On January 26, 2011, the CFTC proposed eliminating the exemptions from Commodity Pool Operator (CPO) registration contained in Rules 4.13(a)(3) and 4.13(a)(4), which are the principal exemptions relied on by hedge fund managers who trade futures. If adopted, these changes will require private fund advisers, sponsors, or other operators of funds that invest even occasionally in listed futures to register with the CFTC as a CPO.
CFTC Rule 4.13(a)(3) currently provides an exemption from CPO registration for persons that meet the following criteria: (i) they operate pools exempt from registration under the Securities Act of 1933; (ii) they offer those pools only to accredited investors, knowledgeable employees, or qualified eligible persons (QEPs) as defined under CFTC Rule 4.7; and (iii) the aggregate initial margin and/or premium attributable to commodity interests in each pool does not exceed 5% of the liquidation value of a pool’s portfolio, or the aggregate net notional value of commodity futures positions held by each pool does not exceed 100% of the net liquidation value of the pool. Rule 4.13(a)(4) provides a broader exemption from CPO registration for persons who operate private funds offered only to certain QEPs, regardless of the amount of commodity interests held by the pool.
If the CFTC adopts the proposed rules, operators of private funds that invest in any commodity futures and certain non-security-based swaps (as described below) will have to register as CPOs with the CFTC and become members of the National Futures Association (NFA).

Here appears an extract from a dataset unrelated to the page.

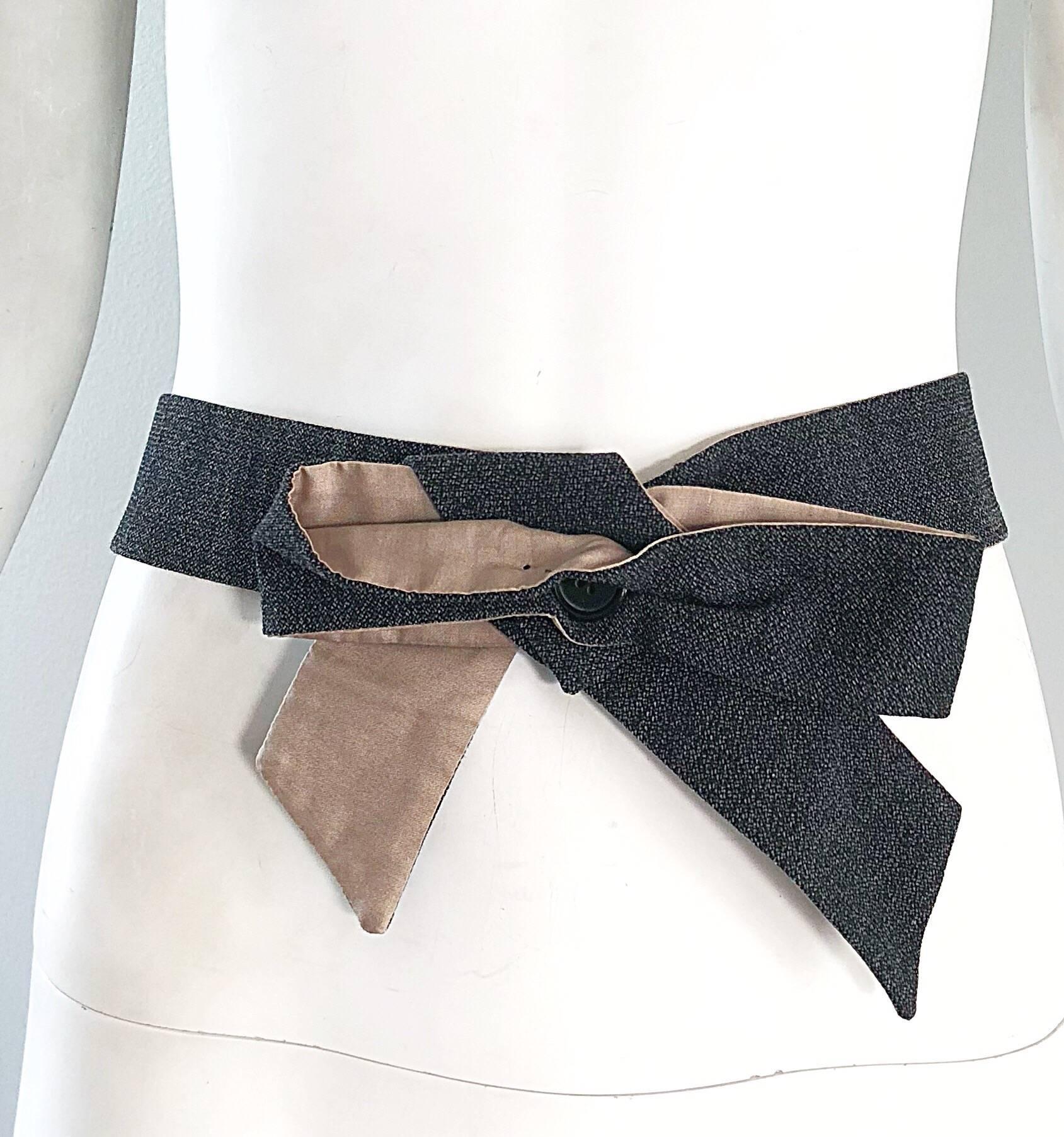 Black Early 2000s Marni Charcoal Grey Virgin Wool + Khaki Cotton Bow Waist Belt For Sale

On February 24, 2011, the CFTC proposed rules to treat non-security-based swaps the same as commodity futures for purposes of determining the need to register as a CPO. Non-security based swaps generally include agricultural and commodity swaps, metal and energy swaps, options, calls, floors and caps based on a rate such as an interest or currency rate, and certain credit default swaps and total return swaps that do not fall under the definition of security-based swap. The definition of security-based swap is expected to include most types of single name CDs based on an individual security or loan. If these changes are adopted, CPOs will not be able to avoid CFTC registration by using swaps instead of futures.
Registration as a CPO usually takes from six to eight weeks to complete. Registration involves submission of certain forms and fingerprints for each principal and associated person, as well as proof that each associated person has passed the national futures exam (Series 3). Generally, anyone who solicits for a fund is an associated person.